Fransa’da 7 Mayıs’ta ikinci turu düzenlenecek olan cumhurbaşkanı seçimine ilişkin değerlendirmede bulunan İstanbul Milletvekili ve TBMM İnsan Haklarını İnceleme Komisyonu Başkanı Mustafa Yeneroğlu, “Geçmişte siyaset arenasında yer bulması mümkün olmayan ırkçı ve düşmanca söylemler, 21. yüzyıl Avrupası’nda Le Pen tarafından açıkça dile getiriliyor. Bu kişinin, devletin başına gelme ihtimali ise toplumun ne yönde değiştiğinin kanıtı niteliğinde. Bu bağlamda birlikte yaşamın geleceği için, ülkedeki tüm demokratlar tarihi bir sorumluluk taşıyor. “ dedi. Yeneroğlu açıklamasında şunları ifade etti:
“Son dönemde radikal akımların tırmanışa geçtiği Avrupa’da; Hollanda’nın ardından Fransız halkı da 7 Mayıs’ta yeni cumhurbaşkanını seçmek için sandığa gidecek. Bu seçim, Fransa için oldukça önemli bir sınavdır. Zira Fransızlar ya siyasi merkezde yer alan ve ülkedeki Müslümanları ve göçmenleri dışlamayan demeçler veren Yürüyüş Hareketi lideri Macron’u ya da popülist, aşırı sağ söylemlerle halkı tahrik eden Le Pen’i cumhurbaşkanı yapacak. Diğer bir deyişle ülke; ırkçılığa karşı sandıkta duruş sergileyecek.
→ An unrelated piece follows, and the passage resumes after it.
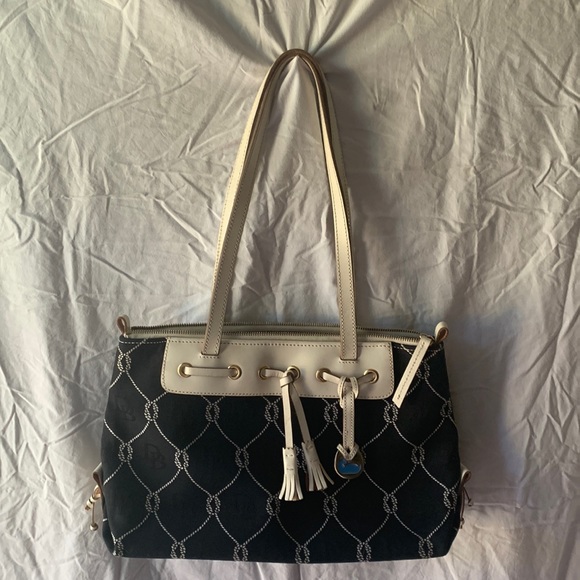 Dooney & Bourke Handbags - Dooney and Brooke purse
Maalesef ki Avrupa’nın baş aktörlerinden biri olan Fransa’da; aşırı sağı temsil eden adayın son tura kalmış olması ırkçı ve popülist söylemlerin Fransız halkı tarafından ne kadar benimsendiğini ortaya koyuyor. Geçmişte siyaset arenasında yer bulması mümkün olmayan ırkçı ve düşmanca söylemler, 21. yüzyıl Avrupası’nda Le Pen tarafından açıkça dile getirilir hale geldi. Bu kişinin, devletin başına gelme ihtimali ise toplumun ne yönde değiştiğinin kanıtı niteliğinde.
Unutmamalıyız ki günümüzde hiçbir sorun aşırı sağ popülizmle aşılamaz. Etnik ve kültürel ırkçılık üzerinden sunulan çözümler kutuplaşmaya yol açar ve insanları toplumsal gerçeklerden uzaklaştırır. Bu bağlamda birlikte yaşamın geleceği için, ülkedeki tüm demokratlar tarihi bir sorumluluk taşıyor. 7 Mayıs’ta başta Türkiye kökenliler olmak üzere Fransa’daki tüm seçmenleri, aşırı sağa karşı tavırlarını ortaya koymaya davet ediyorum.”